La Bce dovrebbe aumentare la massa monetaria in circolazione, ma proprio a causa delle sue regole non può farlo. Può solo prestare denaro alle banche (quelle che lo chiedono, fin quando lo chiedono) e poi sperare che queste lo prestino all’economia reale. Ma alle stesse banche, a causa delle stesse regole, è impedito di occuparsi del bene comune, devono invece fare profitti.
La stessa ottusa cecità delle regole è quella che sta tentando, nel suo piccolo, di distruggere il valore monetario dei 100 milioni di lire ritrovati dalla signora di Viterbo. Quei soldi, che supponiamo guadagnati onestamente, sono dovuti a un’opera reale, a un qualche valore reale, quindi rappresentano un valore reale. Ma per legge, all’improvviso vengono distrutti. Chi ci guadagna?

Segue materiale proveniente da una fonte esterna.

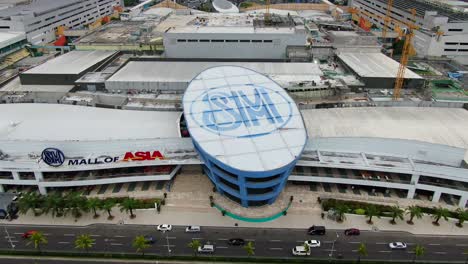 Eine-Seitliche-Kamerafahrt-Durch-Die-SM-Mall-Of-Asia,-Während-Autos-Am-Eingang-Am-Strand-Vorbeifahren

La Banca d’Italia si può forse vantare di aver risparmiato i 51 mila euro che non vuole dare alla signora? Ma così facendo, visto che nessuno mangia moneta, la signora non avrà moneta da spendere nell’economia reale e l’economia reale ci rimetterà.
La grande finanza vuole salire sempre più in alto, vuole conquistare il mondo, ma non si accorge di avere i piedi di argilla. Pensa di imporre al mondo il suo potere attraverso le regole e le leggi, e alla fine saranno proprio queste a farla crollare. Non ci resta che costruire, da subito, un mondo diverso.